WWACommendations: X-23, The Wilds, The Wendy Project, Mermaid’s Promise, and More

WWACommendations: X-23, The Wilds, The Wendy Project, Mermaid’s Promise, and More

What comics are you reading for fun lately? While many of us read various comics for research, curiosity, or to keep up with a series, there are certain comics we’re reading just for fun. In this roundtable, WWAC contributors gush about the comics they’ve been reading this past month that were a pure delight. Draven

What comics are you reading for fun lately? While many of us read various comics for research, curiosity, or to keep up with a series, there are certain comics we’re reading just for fun. In this roundtable, WWAC contributors gush about the comics they’ve been reading this past month that were a pure delight.
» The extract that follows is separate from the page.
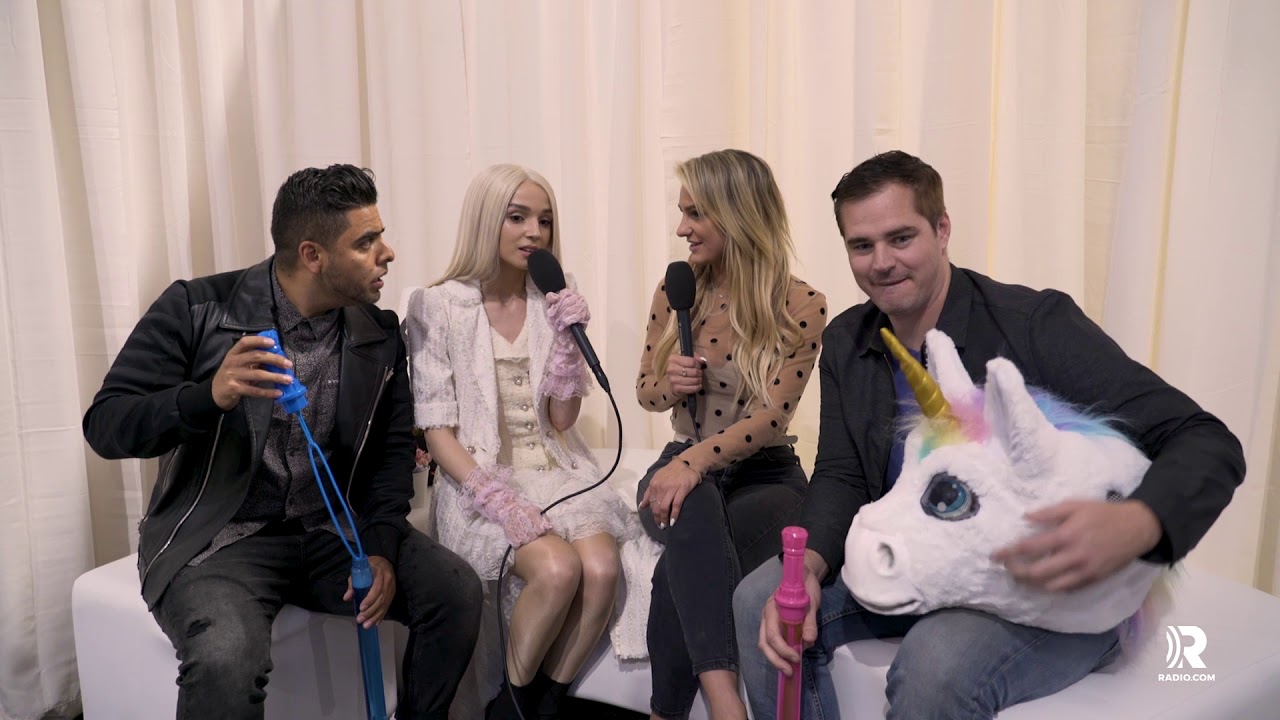 Poppy interviews the AMP Morning Show on the AMA's Red Carpet
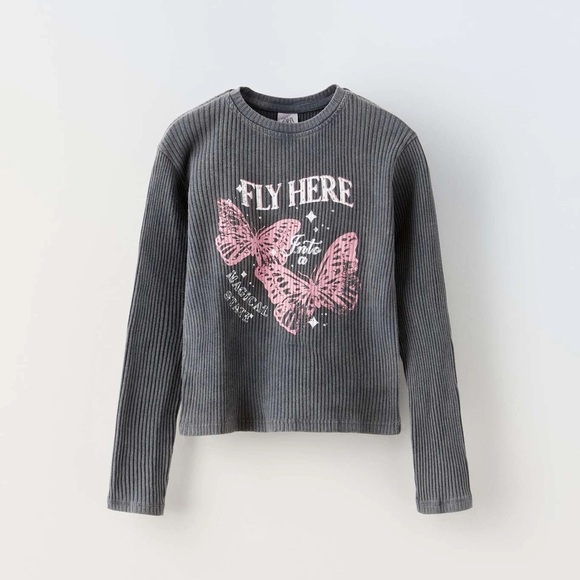 ✨SALE✨ ZARA ROCK RIB T-SHIRT
✨SALE✨ - Picture 1 of 5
Draven Katayama: I just read the first two issues of the current X-23 series by Mariko Tamaki, Juann Cabal, Nolan Woodard, and Cory Petit. I love that it focuses on Laura and Gabby’s relationship as sisters, whether they’re hanging out at home or going to a restaurant. Tamaki lets the sisters have a lot of unrushed, casual dialogue. There aren’t many Marvel comics that feature a big sister/little sister dynamic. Laura and Gabby also fight alongside each other, and it feels empowering to see Laura treat Gabby as a capable combatant.

Angie Wenham: For the last few weeks, I’ve been catching up with The Wilds by Vita Ayala, Emily Pearson, Marissa Louise, and Jim Campbell. There are four issues so far, with the fifth and final one due to come out in September. It’s a sort of zombie story, which can seem a bit played out these days thanks to their over-saturation in popular culture. However, it’s really refreshing to see Daisy, a queer woman of colour, as the protagonist, and her relationships feel real and grounded despite the post-apocalyptic situation.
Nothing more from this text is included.